Arrogance says, “I know what you are trying to say. Plus, I can say it faster and better.”

Helpfulness says, “I can save you from the pain and struggle of finishing your own thoughts so I’ll speak over you and for you.”

Time shouts, “If we don’t interrupt we’ll be here all day. We got a lot to do! Let’s get them to the point.”

Training teaches, “It’s my job as a parent, teacher, or leader to direct this conversation and bring it under control.”

Culture claims, “We’ve always interrupted. That’s just how our family, friends, people are. We know what we’re saying and we are doing just fine. Stop interrupting our familiar, time-honored ways.”

Necessity asserts, “Interrupting saves lives. When someone is being hostile or harsh sometimes it is important to stop them by interrupting. Interrupt by saying their name (Frank! Frank! Frank!…) or title (Sir! Sir! Sir!) over and over until they say “What!?” That will give you a few seconds to make your next life-saving move.”

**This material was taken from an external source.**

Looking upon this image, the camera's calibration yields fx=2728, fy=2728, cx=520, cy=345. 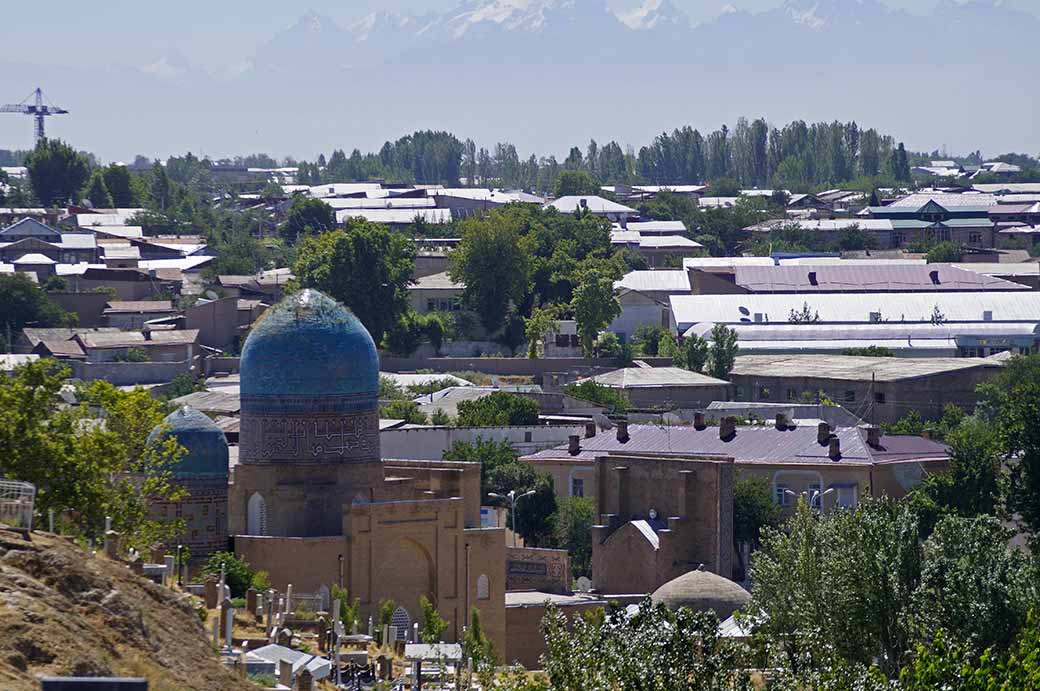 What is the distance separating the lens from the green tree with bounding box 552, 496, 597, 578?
191ft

Finally, Jesus wasn’t a verbal interrupter. I can’t think of a time when he did so. On the other hand he is very effective at interrupting our lives to call us to a better healthier ways.

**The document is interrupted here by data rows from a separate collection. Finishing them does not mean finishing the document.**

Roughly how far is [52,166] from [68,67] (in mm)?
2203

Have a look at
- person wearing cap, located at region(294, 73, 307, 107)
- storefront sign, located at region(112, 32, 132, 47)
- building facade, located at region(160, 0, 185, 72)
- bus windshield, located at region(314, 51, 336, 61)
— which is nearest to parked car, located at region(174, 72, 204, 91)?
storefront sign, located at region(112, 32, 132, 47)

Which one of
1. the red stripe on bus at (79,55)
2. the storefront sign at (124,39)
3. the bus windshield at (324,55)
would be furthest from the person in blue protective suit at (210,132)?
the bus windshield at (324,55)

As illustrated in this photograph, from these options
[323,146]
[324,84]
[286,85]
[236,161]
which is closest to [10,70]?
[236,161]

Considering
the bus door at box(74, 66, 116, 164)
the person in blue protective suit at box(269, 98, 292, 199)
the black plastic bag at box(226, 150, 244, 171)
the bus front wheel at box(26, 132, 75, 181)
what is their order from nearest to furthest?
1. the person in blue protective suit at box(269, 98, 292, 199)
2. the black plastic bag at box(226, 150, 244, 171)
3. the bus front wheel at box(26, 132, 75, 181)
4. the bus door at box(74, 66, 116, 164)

C.S. Lewis writes, “The great thing, if one can, is to stop regarding all the unpleasant things as interruptions of one’s ‘own,’ or ‘real’ life. The truth is of course that what one calls the interruptions are precisely one’s real life — the life God is sending one day by day.” ― The Collected Works of C.S. Lewis.

We interrupt lives full of interruptions to bring you, Jesus! “For God did not send his Son into the world to condemn the world, but to save the world through him.” (John 3:17)

“Giv’m heaven!”—John Parker

P.S. I found this online, “Oh, I’m sorry. Did the middle of my sentence interrupt the beginning of yours!”  LOL!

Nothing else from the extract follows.